On January 6, 1911, Mr. Fels and Mr. Kiefer visited Cleveland as one of the points on their Western tour in the interests of the single tax propaganda. A public meeting was held in the Chamber of Commerce auditorium in the evening. Dr. Cooley presided and Mr. Fels, Dr. Eggleston of Oregon, Newton D. Baker and Mr. Johnson were the speakers. And so it happened that Mr. Johnson's last participation in a public meeting was in behalf of the cause so near his heart. The hall was crowded and here in the very citadel of his old time enemy he received such an ovation as could not but gladden the heart of anyone. As he looked at the cheering crowd before him he said, “This does not look like the old tent, but it sounds like it.” He spoke simply and directly as usual, and eloquently as he always did when the single tax was his theme. His voice was clear and distinct with a fullness of tone that had been absent for a long time. His closest friends might well have been deceived by his apparent strength, and those who knew that this was probably the last time he would make a speech rejoiced exceedingly in the nobility of the sentiments he enunciated that night and in the power manifested in their utterance.
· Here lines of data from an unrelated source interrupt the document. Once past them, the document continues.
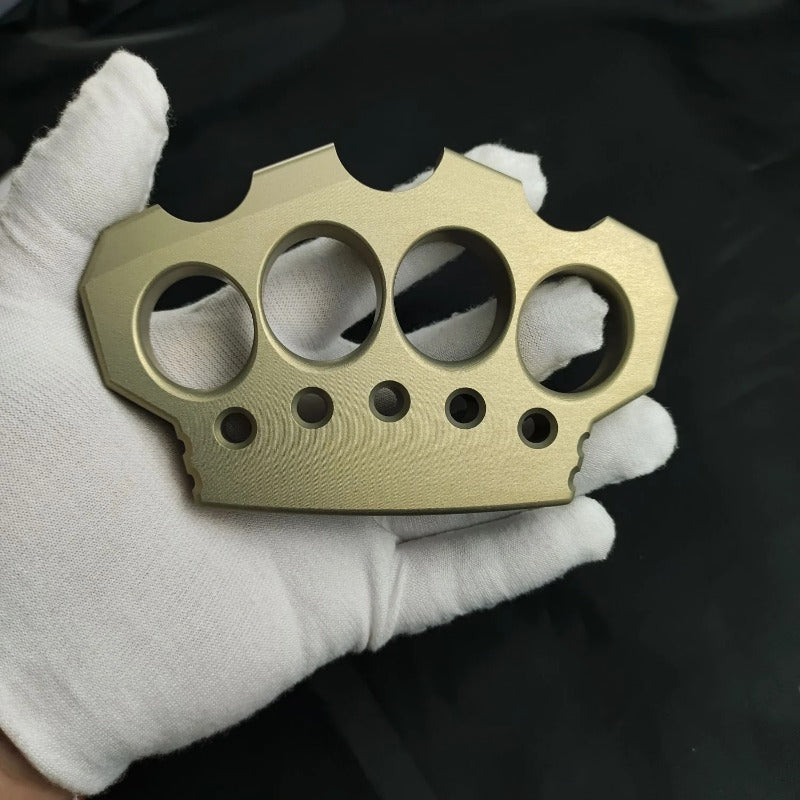 Jack 2- Brass Knuckle Duster Equipamento de proteção de autodefesa EDC
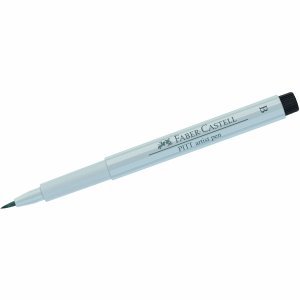 Preisvergleich Produktbild 10 x Faber Castell Tuschestift Pitt Artist Pen B kaltgrau I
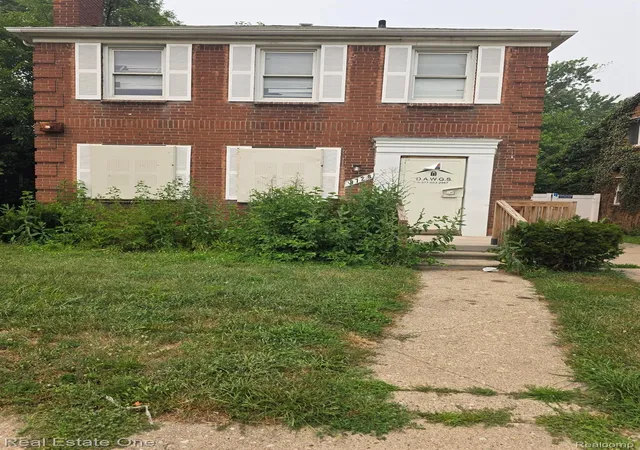 Single family home for sale at 8728 7 Mile Rd, Detroit, MI 48221 | MLS# 20261056052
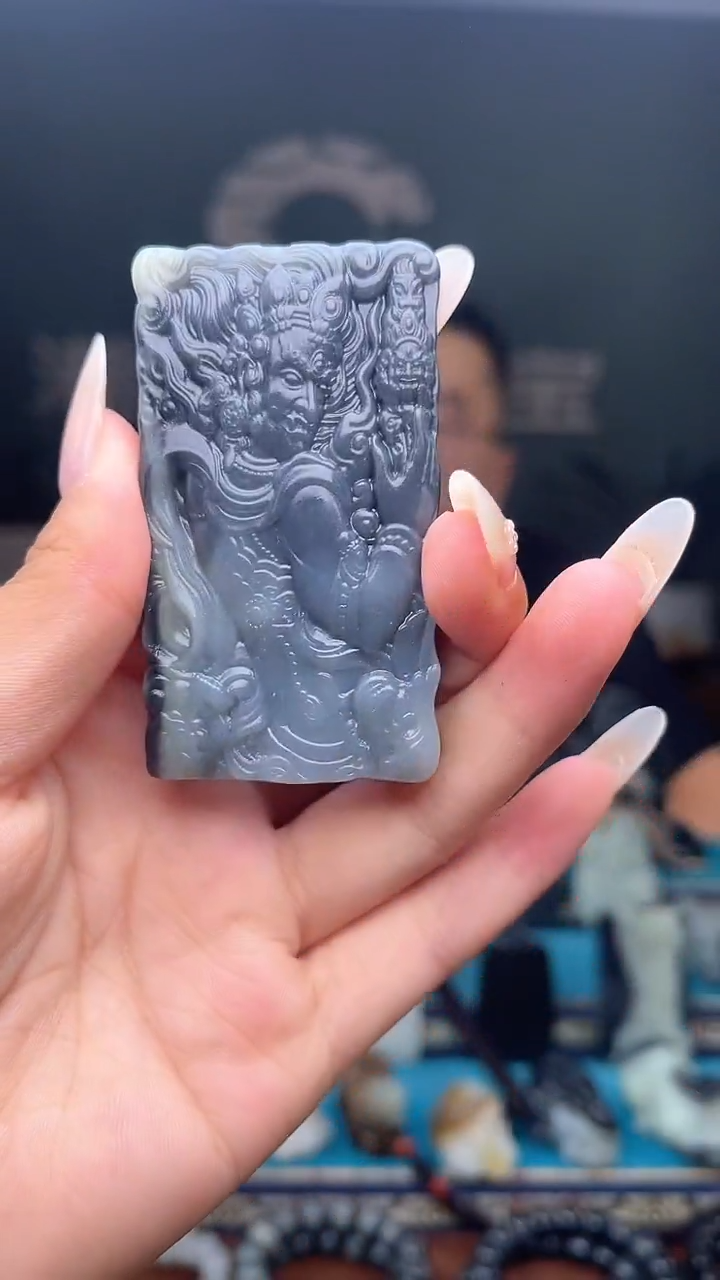 未镶嵌和田玉挂件1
On February 6, owing to contagious illness in his own family, Mr. Johnson was ordered by his physician to leave the family apartment in the Knickerbocker until all danger of infection was past. He therefore moved to Whitehall, an apartment hotel on the edge of one of Cleveland's most beautiful parks. He was suffering less at this time,
the peritonitis which was said to be the cause of his pain having evidently subsided. Now, for the first time, he was under the constant care of a physician and the daily visits of his doctor, to whom he became greatly attached, added greatly to his comfort.